As my life progresses, as I get older, as I become more involved in other's lives...the maturity becomes more direct. It pulls fewer punches and gets to the meat of the matter more directly.

Sez G: Do your dreams play a large part in your creative process, or are you concepts born in your consciousness?

Jeffery Scott: My dreams as in "dream state"? As in, "while I dream"? No. Not at all. I would never illustrate my dreams or nightmares. That's too brutal. You wouldn't want to see my dreams. I don't want to see them. They are off-the-charts disturbing to me.

I look at Joel Peter Witkin's work, and I love it... but I can't look at any given piece for, I think, like 15 seconds. It's too much for me. Reminds me of my nightmares and my dreams. I think it's all very beautiful in its way... but it's too much.
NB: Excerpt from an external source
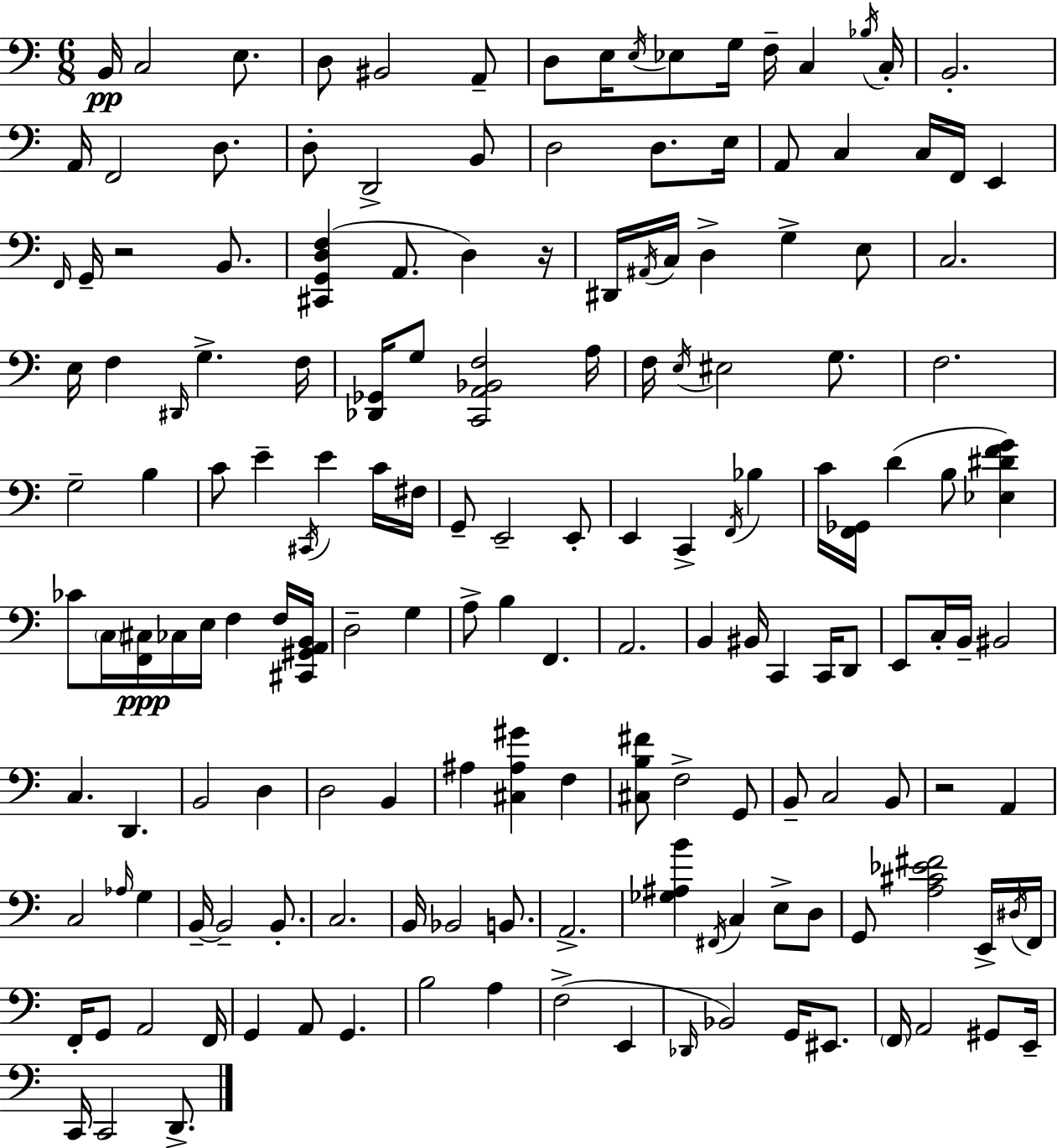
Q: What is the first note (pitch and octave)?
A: B2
I have done pieces like that... from nightmarish visions that my brain constructs based on something that surrounds my life. I don't hang those pieces in my home and am sometimes surprised when people buy those pieces. I "compose" in my consciousness freely, which I think, if freely enough, taps into the unconscious at times. I let it roll on. Then I sit back, think of each element, and see what that particular meaning is. It makes sense to me on an illustrative level. It's almost like a visual, free-hand sculpting.

Sez G: So if much of your creativity comes from your organic free-associations, how much of your work is collaboration with the model and how much is your individual art direction?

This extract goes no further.